The Great White Way’s latest interpreter of this iconic character is two-time Tony Award winner Cherry Jones, who is starring in John Tiffany’s new production of the play – opposite Zachary Quinto, Celia Keenan-Bolger, and Brian J. Smith – at the Booth Theatre.  And if this singular star seems like perfect casting, she’s the first to admit her initial impression of Amanda was less than favorable.

“I think I found a copy of it that belonged to my mother,” says Jones. “But when I started reading it, I was a Southerner with a chip on my shoulder, who had come to New York from Paris, Tennessee, and I thought Amanda was one of those characters who made Southern women look freakish. I didn’t buy it. I lacked the depth and life experience at the time to understand her, because I couldn’t appreciate this woman’s dilemma.”

Today, the 56-year-old actress has a very different take on Amanda, a single woman trying to talk sense into her feckless adult son, Tom, and his younger, physically challenged sister, Laura. In fact, she’s come to appreciate her alter ego in ways she once never thought possible. “I don’t know how she raised those children alone,” says Jones. “She’s this Mississippi woman who finds herself abandoned with these two young children in the 1920s and then the Great Depression hits. How did she shelter them? How did she clothe them? The fact that she kept those children fed all those years shows what moxie she had.”

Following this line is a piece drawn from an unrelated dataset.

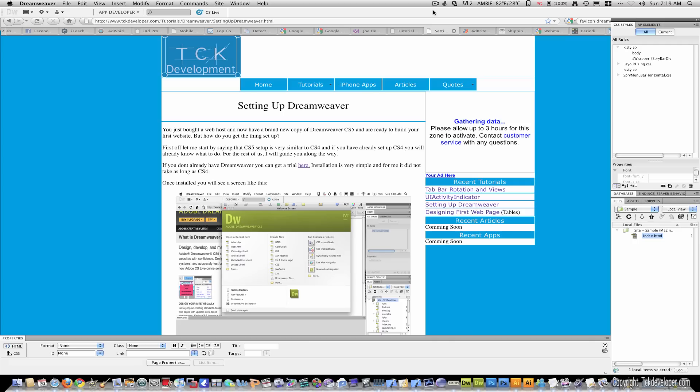Hello everyone. In the last tutorial we discussed how to sync Dreamweaver and get it set up with your website. We also created a sample index which is the first page users will see when they come to your website.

Moreover, while Jones is unmarried and has no children of her own, she fully embraces Amanda’s devotion to her daughter. “She is absolutely desperate to help her,” says Jones. “Like so many people do today, Amanda has a child who is incapable of surviving on her own. Once Amanda is gone, she thinks, ‘how will this child survive without her? Will she be thrown into some horrible state institution?’ And the clock is ticking. Tom is about to be out the door; this hapless so-called poet is about to leave his family. So the play begins at this heightened place because [finding a suitor for Laura] is life or death for that child.”

While skeptics may wonder if New York needs yet another production of the play (which was most recently revived by the Roundabout Theatre Company in 2010 with Judith Ivey as Amanda), Jones points to this production’s success at the American Repertory Theatre in Cambridge, Massachusetts earlier this year. “Even for a child it’s totally captivating, because of the visual elements,” she notes of Tiffany’s unusual take on the play. “We’ve done it for many high school students who loved it. And we even gave a talk, one day, for this group of elderly men who were having a great deal of trouble coming out as gay, even in their 80s. So we spanned quite an age range up there.”

Most of all, Jones believes strongly that, regardless of her performance, this “Menagerie” stands up to any of its predecessors. “The beauty of this production, as devastating as it is, is that the artistry is so great that you will truly be transported by it and uplifted. And that is not hyperbole,” she says. “I want everyone who loves theater to see it. But even more, I want every person who doesn’t like theater to see it, because it will affect all people.”